Um “Elogio de Helena” para nossos tempos

imagem: Matheus Melo

Górgias entrou para a história como uma relevante obra de Platão. Em seus diálogos, Platão confrontava seu personagem (e mestre) Sócrates com outras figuras, e os livros na maioria acabaram sendo nomeados pelo nome do opositor contra quem ele debatia. Nessa obra sobre a argumentação, o opositor é Górgias, um dos mais importantes sofistas da Grécia antiga, um mestre da retórica. Platão se opôs aos sofistas, criticava o exercício da retórica, pois ela seria uma distorção, um vício da argumentação e da filosofia. Seria se importar mais com a forma – ter mais em vista agradar a plateia – e menos com o conteúdo.

Veja também:
>> podcast Sobre os ombros de gigantes: o Górgias, de Platão
>> “Vamos falar de pedofilia, de verdade?“, coletânea de referências

Mas e o outro lado? Como era o ponto de vista de Górgias? O grande sofista também nos deixou obras. Sua visão era diferente, ele defendia o poder da retórica. Essa ferramenta incrível poderia, se usada por um líder competente, conduzir um povo. Poderia mudar o que se pensa de um assunto, salvar um condenado de seus crimes em um julgamento.

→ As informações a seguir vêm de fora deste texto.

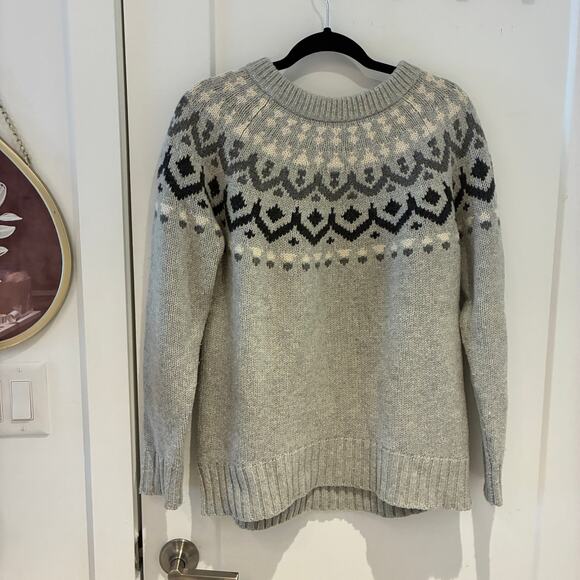 J. Crew Gray Merino Wool Fair Isle Sweater Medium - Picture 1 of 8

Talvez o trabalho mais lembrado de Górgias seja Elogio de Helena. A proposta dessa obra é intrigante. Em uma das histórias mais famosas da cultura grega, contada por Homero na Ilíada, há a figura de uma mulher que teria sido responsável pela guerra de Troia. Muitos gregos morreram nessa guerra, houve muitos prejuízos, e tudo por culpa de Helena, que tinha sido a causa do conflito, pois fora roubada do rei espartano com quem era casada, fugindo com um troiano, o que levou a declaração de guerra e à morte de grandes heróis nas batalhas. É bastante óbvio um componente machista no ódio dos gregos a Helena. Mas o fato é que naquela cultura sua culpa era consenso e ninguém podia defendê-la. Mas Górgias o fez.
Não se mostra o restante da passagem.